April’s Challenge in the Historical Sew Monthly 2015 is War & Peace: Make something that shows the effects of war, or of extended peace.
You may not know this (because it’s not always obvious from what I blog about), but as an undergraduate, I studied international relations. And art history. And costume design. (yes, I like to stay busy).
The relationship between the latter two was obvious: I was focusing on textiles and costume in art history, and in historic costume in costume design. The first one confused a lot of people. It seemed quite random. What does international relations have to do with costume history?
Well, everything. IR is everything that’s going on in the world: looking at why it happens, why countries interact the way they do, how they are likely to act in any given situation, why wars happened, and how their repercussions will effect the rest of the world.
Anything event that significantly impacts your country, or the world as a whole, is going to significantly impact on what you wear. War is, obviously, one of the most significant events that can happen to a country. Get involved in an extended war, with all your nations resources turned toward the war, and there are going to be clothing shortages, and a rise in patriotic and military inspired motifs.
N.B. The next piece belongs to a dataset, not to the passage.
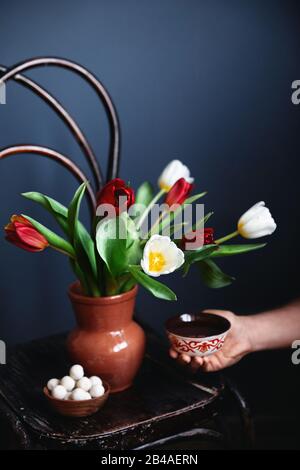 Man holding ethnic bowl with tea near beautiful bouquet of tulips and kurt balls dry cheese on wooden vintage chair at Nauryz festival Stock Photo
The flow of raw materials: oil, cotton, silk, linen, dye, may be interrupted, meaning that those materials are unavailable.
Clothing shortages famously occurred during both World Wars, with Germany resorting to making ‘austerity’ corsets out of fabric woven from paper thread in WWI, because Germany been importing most of its cotton and wool.
Patriotic motifs and colours were common in WWII: one of the most popular shades in the US was ‘Air Force Blue’. The Dazzle frocks and swimsuits I posted about last week are another example of patriotism in fashion, as was the name Government silk for rayon.
Military-esque trimmings on women’s spencers and pelisses were very fashionable during the Napoleonic wars.
During the American Civil War the South did not sell cotton to the North, and the North attempted (mostly successfully) to blockade the South, preventing goods from reaching the South, and Southern cotton from being exported to Britain, resulting in cotton shortages across Europe, and everything shortages across the South.
While the affects of war on fashion are quite famous, extended periods of peace can also affect fashions. Their effect is more subtle, and harder to pinpoint, but it can be seen. With extended peace countries are able to trade goods and ideas freely, new materials are seen, fashions become more elaborate and decadent, as resources and innovations can be focus on domestic goods and fashions.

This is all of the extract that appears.